Monday, July 26, 2010

Partnership Accounts

Introduction

Partnership is defined by the partnership act as “the relation which subsists between persons carrying on a business in common with a view of profit”. The participation in profits is not, however, of itself alone conclusive evidence of the existence of a partnership, since the relationship rests upon mutual intention.

As the essence of partnership is mutual agreement, it is describable for the partners to come to some understanding before entering into partnership as to the conditions upon which the business is to be carried on, and as to their respective rights and powers.

Even though a formal agreement is made, this does not preclude subsequent variation where changing circumstances demand it; such variation can always be effected with the consent of all the partners, which may be evidenced by an amending agreement, or inferred from a course of dealing.
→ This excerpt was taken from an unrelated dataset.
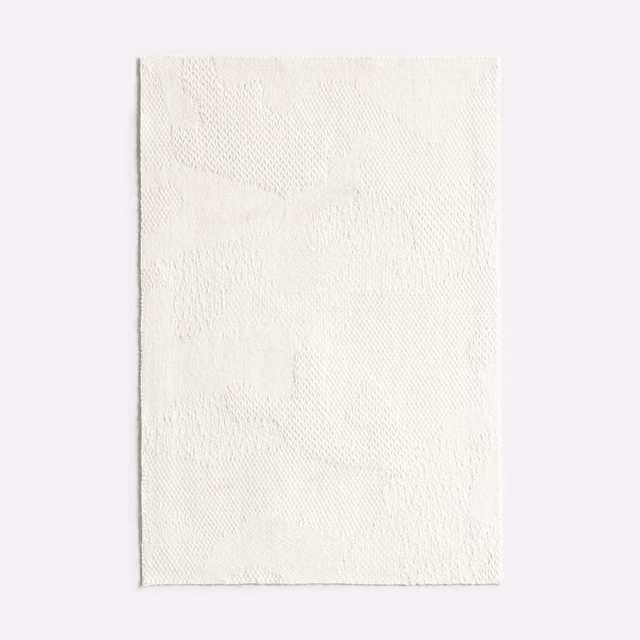 Ivory jacquard swatch with a faint abstract tonal motif and rippled texture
Clauses relating to accounting matters in partnership agreement

The general provisions affecting questions of accounts that could be contained in all partnership agreements, apart from any special circumstances, are as follows:
  • As to capital; whether each partner should contribute a fixed amount or otherwise.
  • As to the division of profits and losses between the partners, including capital profits and losses.
  • Whether the capitals are to be fixed, drawings and profits being adjusted on current accounts, or whether they are to be adjusted on the capital accounts.
  • Whether interest on capital or on drawings, or both, is to be allowed or charged before arriving at the profits divisible in the agreed proportions, and if so, at what rate.
  • Whether current accounts are to bear interest, and if so, at what rate.
  • "Whether partners" drawings are to be limited in amount.
  • Whether partners are to be allowed remuneration for their services before arriving at divisible profits, and if so, the amounts thereof.
  • Those proper accounts shall be prepared at least once a year so that these shall be audited.
  • Those accounts when duly signed shall be binding on the partners, but shall be capable of being reopened within a specific period on an error being discovered.
  • The method by which the value of goodwill shall be determined in the event of the retirement or death of any of the partners.
  • The method of determining the amount due to a decreased partner and the manner in which the liability to his personal representatives is to be settled, for example, by the lump sum payment within a specific period, by installments of certain proportions, and the rate interested to be allowed on outstanding balances.
  • In the event of there being any partnership insurance policies, the method of treating the premiums thereon and the division of the policy money.